I love history. I am the kind of guy that makes long detours to visit minor historic landmarks. You have probably cursed at me from your car because I slow down traffic to better read the historic markers on the side of country roads. I want to know if George Washington slept here! Our shared history provides context for present circumstances and informs our goals and methods for the future. I enjoy history in text and documentary film, but it really comes alive in a constructed environment where you can literally touch, feel and smell it.

The past is important, and by living in, working at or simply moving through  historic buildings you too view the world through a slightly different lens. There is  incredible satisfaction in seeing a vacant, underutilized or deteriorating building restored to beauty and productivity. This satisfaction is buoyed by the associated jobs created from the construction and operations of the historic building. Historic preservation unlocks economic value and increases local tax base. When we are at our best, historic preservation can be a catalyst that brings new development into disinvested neighborhoods.

Historic preservation requires creativity. Ingenuity and vision of design are necessary in rethinking and repurposing a space for a new use in a new era. Financial acumen and innovation is critical to deal structure and juggling the various tax credits and incentives necessary to get to the closing table.
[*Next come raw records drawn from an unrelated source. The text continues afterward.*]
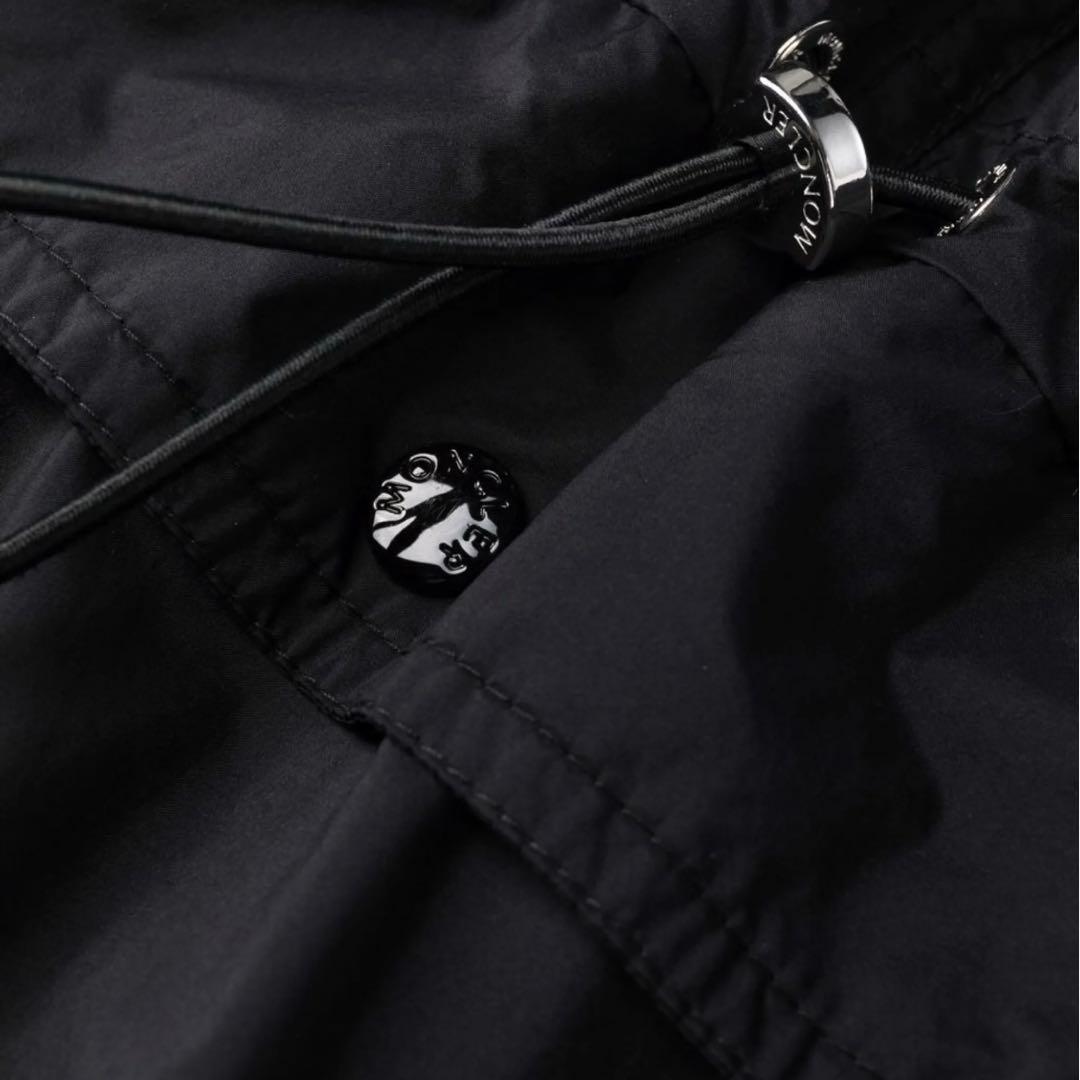 MONCLER フード内蔵　ライトダウン　コート　LINS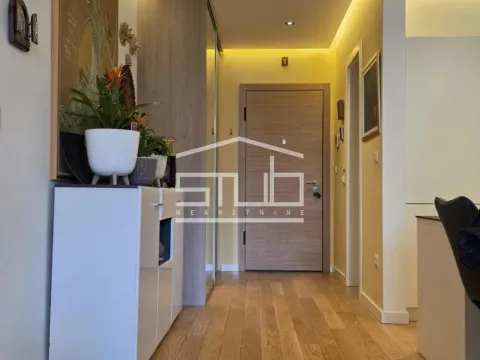 Rent, two bedroom apartment, 60m², Vračar Sve Podlokacije, Beograd - image 3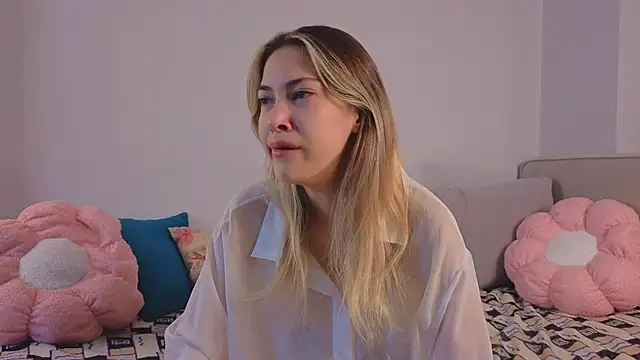 Snapshot of AngelicRice chatting on 09/29/25, 11:37 AngelicRice online show from 09/29/25, 11:37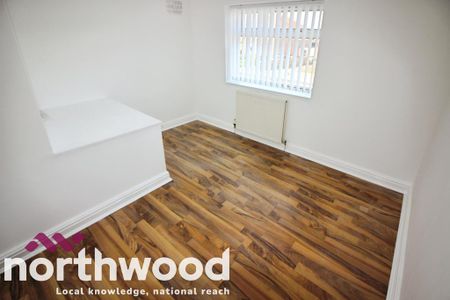 3 bedroom semi-detached house to rent - Photo 5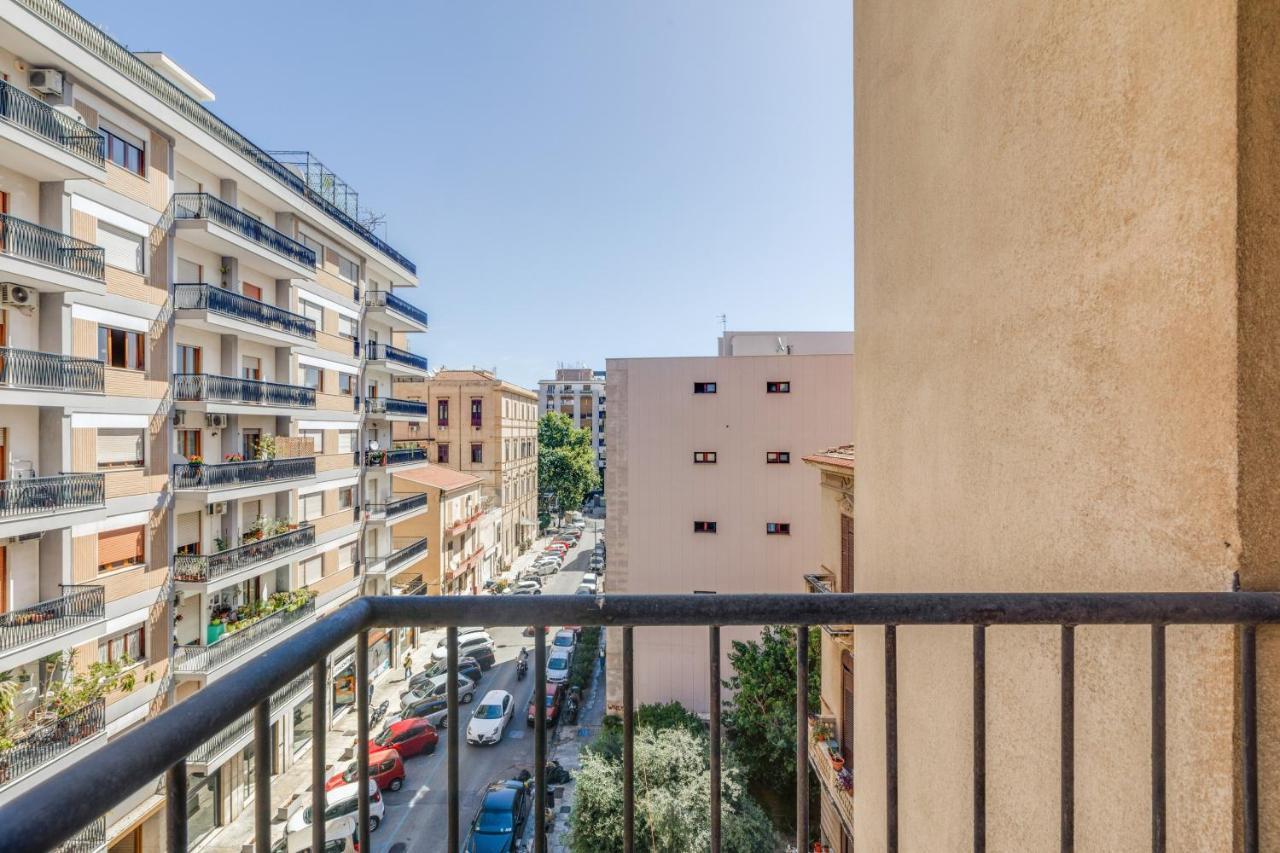 Residenza Dei Poeti - Roomy And Modern Flat Palermo Exterior photo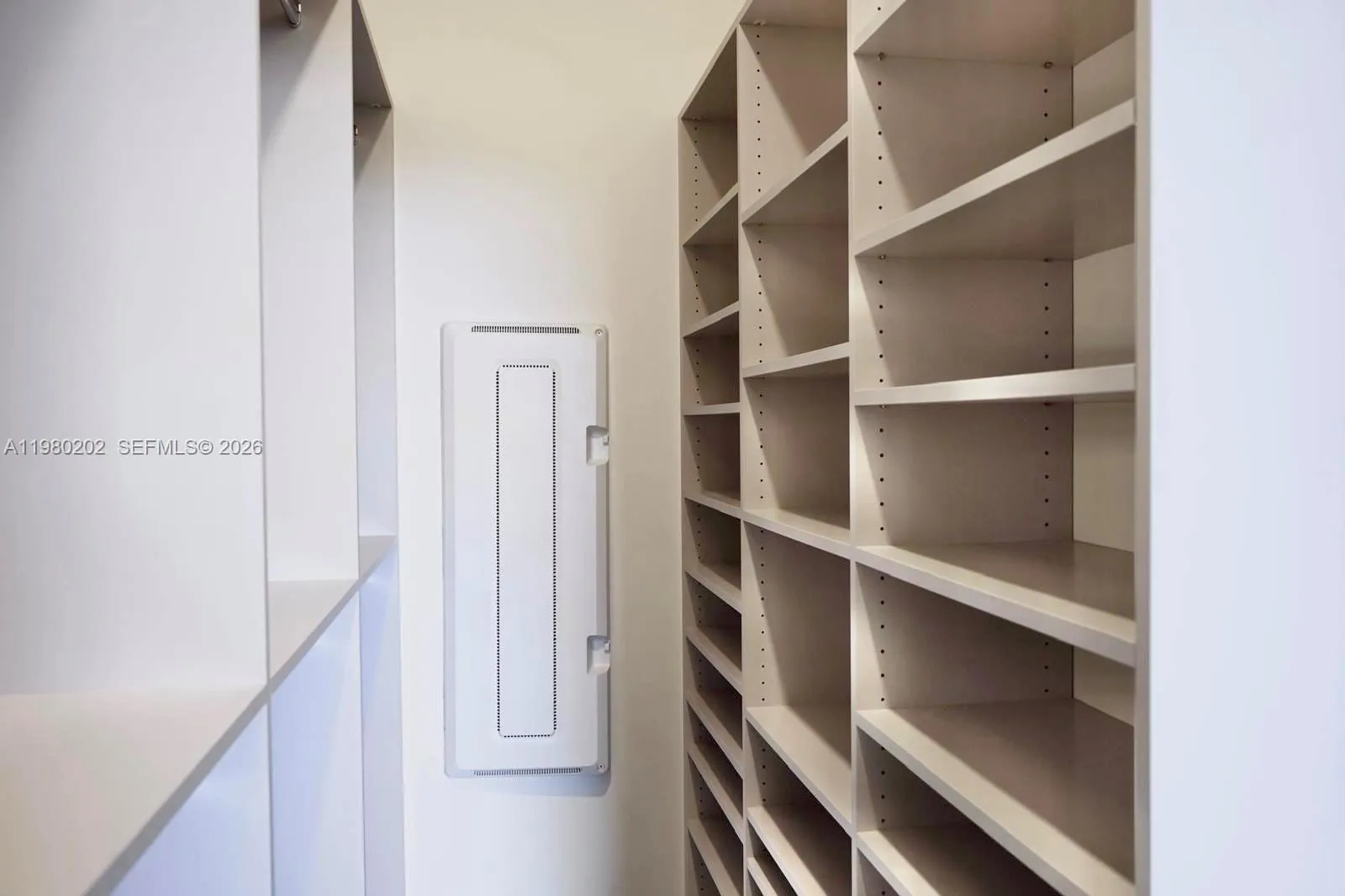 7925 Nw 104th Ave 32, Doral, Florida 33178, Doral, Florida 33178, 2 Bedrooms Bedrooms, ,2 BathroomsBathrooms,Residential Lease,For Rent,7925 Nw 104th Ave 32, Doral, Florida 33178,A11980202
And let’s not forget that historic preservation is, in and of itself, inherently sustainable. While these buildings are old, historic rehabilitation practitioners are increasingly embracing new sustainable building and the energy generations technologies to do more than just preserve, such as making these properties high performance buildings.
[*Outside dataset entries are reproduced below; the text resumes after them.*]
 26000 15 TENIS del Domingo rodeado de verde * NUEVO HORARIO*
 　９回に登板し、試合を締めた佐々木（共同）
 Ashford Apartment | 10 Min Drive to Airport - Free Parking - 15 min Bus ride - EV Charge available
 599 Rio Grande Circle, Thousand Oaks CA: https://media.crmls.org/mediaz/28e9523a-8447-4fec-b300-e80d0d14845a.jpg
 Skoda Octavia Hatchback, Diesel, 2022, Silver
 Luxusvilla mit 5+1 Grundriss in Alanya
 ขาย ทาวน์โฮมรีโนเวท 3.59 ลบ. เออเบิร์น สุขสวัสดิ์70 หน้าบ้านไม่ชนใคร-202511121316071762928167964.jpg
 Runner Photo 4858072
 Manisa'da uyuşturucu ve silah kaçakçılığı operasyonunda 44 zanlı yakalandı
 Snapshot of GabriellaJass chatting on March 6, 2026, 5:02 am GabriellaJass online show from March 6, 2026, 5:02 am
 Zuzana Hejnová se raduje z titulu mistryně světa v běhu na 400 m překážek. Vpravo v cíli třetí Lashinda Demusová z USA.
There is much to love about historic preservation, and much more to do. The upfront costs of preservation are high so incentives, most notably the Historic Tax Credit, are necessary to finance acquisition and development. While support grows in Congress for the CAPP Act, important legislation that would improve and expand the Federal Historic Tax Credit, more advocacy efforts will be required to get to the finish line. Additionally, countless local markets would be served by the creation or expansion of state credits.

While the National Park Service has taken strides to provide guidance on “green” historic preservation, I believe the agency could be more proactive and creative in administration of the program to embrace an array of issues ranging from expanding the use of renewable energy technology to the development of a practical window replacement standard for functional obsolete fenestration.

These challenges have solutions and deserve attention. Successful historic preservation is a portal into the past, creates economic gain far in excess of its costs, and endures for generations to come.